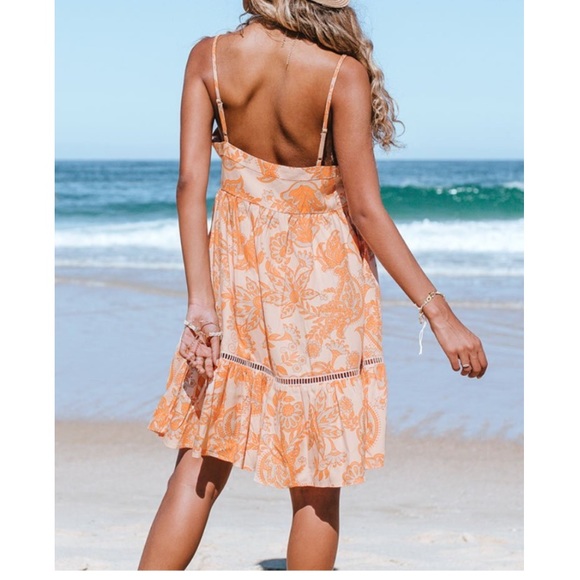 Raven Paisley Dress - Picture 2 of 3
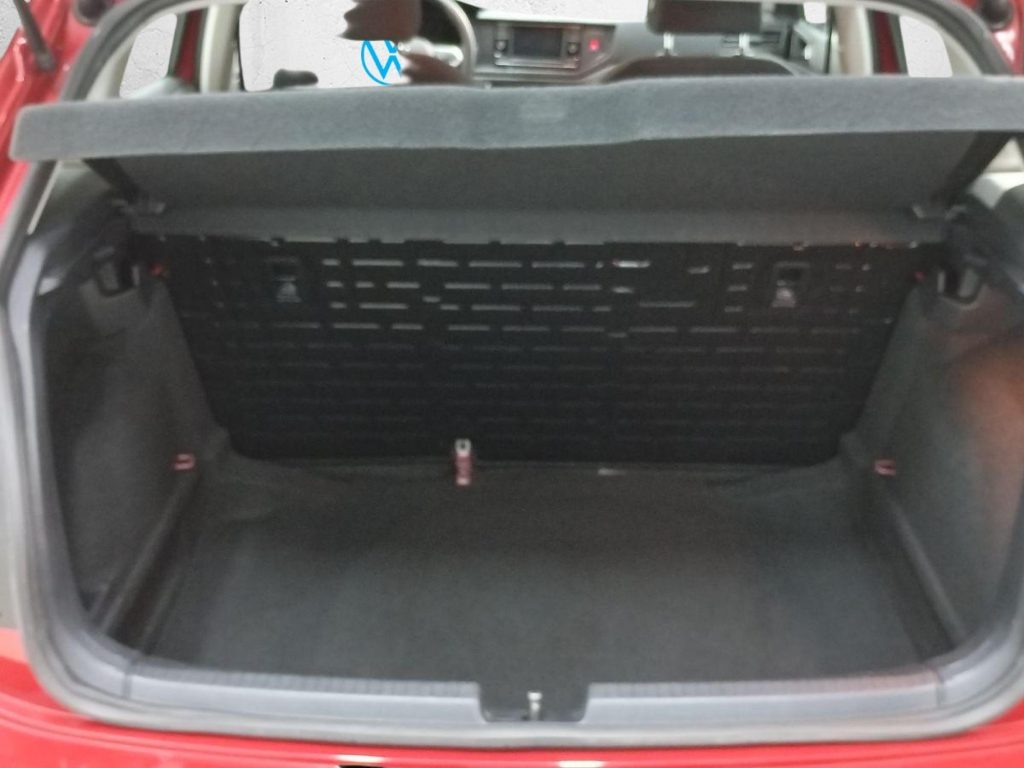 VOLKSWAGEN POLO Gasolina 2022 segunda-mano Granada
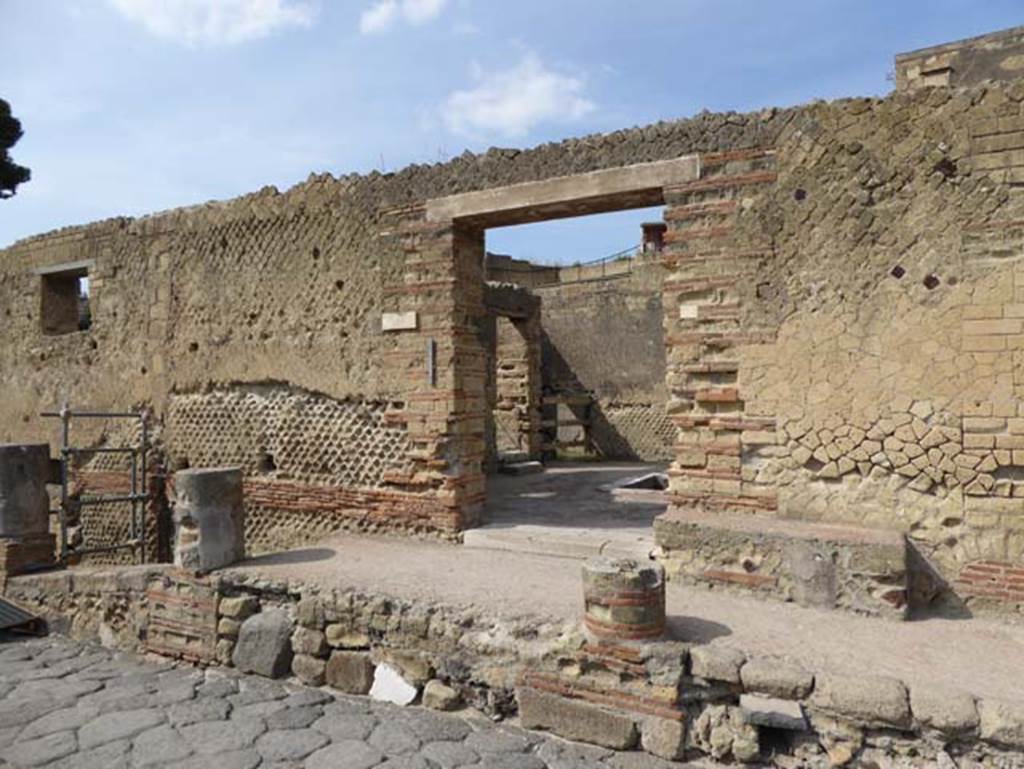 II.1 Herculaneum, October 2014. Looking south-west towards the doorway to Casa di Aristide. Photo courtesy of Michael Binns.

Instructions for the task:
The whole listing above is to be printed exactly; the pictures stay out.

Expected output:
 Raven Paisley Dress - Picture 2 of 3
 VOLKSWAGEN POLO Gasolina 2022 segunda-mano Granada
 II.1 Herculaneum, October 2014. Looking south-west towards the doorway to Casa di Aristide. Photo courtesy of Michael Binns.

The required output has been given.